Learn to generate wordlists

in 3 minutes!

Word list is a generic name for all kinds of frequency lists that Sketch Engine can generate.

Word list examples

(click to enlarge)

How to generate a word list

The left menu contains two pre-selected options:

All words
to generate a frequency list of word forms in the corpus

All lemmas
will generate a frequency list of lemmas in the corpus


  • use the following settings to define what should be included in your word list

word list settings

(1) the word list can be generated from the whole corpus or a subcorpus only, select the subcorpus here, you can also get information about the subcorpus or create a new one from text types

(2) select what you want to count, whether word forms, lemmas or other attributes. The list of options depends on how the corpus is annotated but will generally include these options:
attributes: word form, tag, lempos, lempos-lc, lemma, word form (lowercase), lemma-lc
word sketch: collocations, terms – same as in the term extraction feature with the only difference that single and multiword terms are generated in one table
text types: text types depend on the corpus selected and will be different for each corpus

(3) tick this options to calculate frequencies of n-grams

(4) when ticked, at the end will be grouped under at the end of  because the 3-gram at the end is a sub n-gram of the 4-gram at the end of

Filter options

Exclude the items you are not interested in using the following filters:

(5) use regular expressions to limit the results to a certain pattern
simple example: ca.* produces a frequency list of words starting with ca
please refer to the examples further below

(6) use a limit to exclude low frequency words, use zero to include all words

(7) use a limit to exclude high frequency words

(8) if the frequency should be calculated only for a closed list of words, upload the list (whitelist) here, the file must be a plain text UTF-8 file with one word per line, the items must correspond to a selected attributes, e.g. when lemma is selected as an attribute, goes produces no result because it is not a lemma, when lempos is selected, all items must have a format of a lemma, i.e. go-v, money-n etc.

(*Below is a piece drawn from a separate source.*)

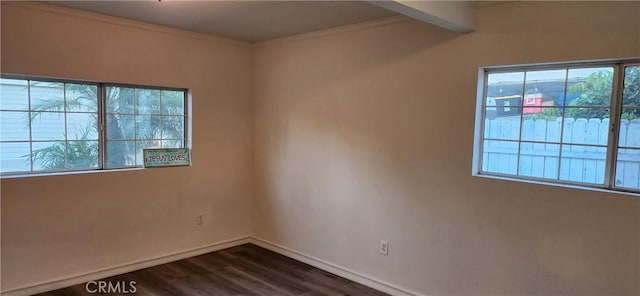 empty room featuring dark hardwood / wood-style floors, a healthy amount of sunlight, and crown molding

(9) use the blacklist to exclude a closed set of items from the frequency list

(10) when ticked, non-words will be included in the list (non-words are all tokens not starting with a letter, e.g. punctuations or numerals)

Output options

Here you can specify what should be displayed on the output screen.

(11) frequency figures
hit counts 
– the number of occurrences will be displayed next to each item
document counts – number of documents in the corpus where the item appeared at least once
ARF – average reduced frequency is a specialized statistic

(12) + (13) output type
– will produce a frequency list of all items matching the criteria
keywords – will only include keywords into the frequency list, i.e. specialized terminology related to the topic of the corpus more details. A reference corpus (14) has to be selected (leave the preselected one if not sure, the slider (15) can be used to influence to what extent more common (=less specialized) words should be included.

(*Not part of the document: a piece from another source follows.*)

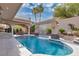 Beautiful backyard pool with rock waterfall feature, lush landscaping, and inviting ambiance at 4108 Royal Scots Ave, Las Vegas, NV 89141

(16) the results can be calculated for certain attributes but different attributes can be displayed as output, e.g. frequencies can be calculated for lemmas but word forms can be displayed as output, up to 3 attributes can be displayed

Here are some examples of frequently used word list settings with regular expressions.

A list of nouns

Search attribute: lempos or lempos (lowercase)
Regular expression: .*-n
(-n might not be the noun suffix in all corpora, please refer to the Corpus details screen)

Note: the same result can be achieved by searching tags but lempos produce the results faster. To hide -n in the results, use Change output attributes: lemma or word

A list of 2- to 4-letter acronyms

The wordlist will contain all words written with 2 to 4 upper case letters.

Search attribute: word
Regular expression: [A-Z]{2,4}

A list of verbs and nouns beginning with re-

Search attribute: lempos
Regular expression: re-.*-[v|n]
(-n and -v might not be the right suffixes in all corpora, please refer to the Corpus details screen)

A list of all PoS tags except proper nouns (Penn Treebank tagset with modifications)

Search attribute: tag

Regular expression: (?!NP).*

Different corpora can have different part-of-speech tagsets. Please check the PoS tagset of your used corpus via Corpus info.

When you use the Change output attributes option, the frequencies may not be calculated from the whole corpus. With this option selected, it is compulsory to use a regular expression. First, a concordance for the words matching the regular expression is created and the frequency is calculated only from the first 10 million hits. If the corpus is large and there are more than 10 million hits matching the regular expression, the remaining hits will be ignored and not included in the word list.

Using a regular expression such as .* to match any word works exactly the same: a concordance will be created for the first 10 million words only (because any of the first 10 million words matches the regular expression). If the corpus is bigger than 10 million words, the rest of the corpus will not be included in the frequency. The output screen notifies you about this and offers the option of using random 10 million rather than the first 10 million lines.

Working with parts of speech

To restrict the word list to a specific part of speech (e.g. adjectives), there are two options:

corpus with lempos

If the corpus has a lempos attribute

  • select “lempos” as the search attribute
  • type .*-j (for adjectives, i.e. all lempos ending in -j) into the regular expression box

Lempos endings available for the corpus are listed on the corpus details screen.

corpus without lempos

If the corpus does not have the lempos attribute or you need to search something different than lemma

  • select “tag” as the search attribute
  • type the tag into the regular expression filter (V.* for verbs in English corpora)
  • select Change output attribute(s) and select one or more output attributes

Tags differ between languages and even between corpora in the same language. Tags available for the corpus are listed on the corpus details screen.

Word list limitations

There are limits to the length of word list that can be displayed and downloaded.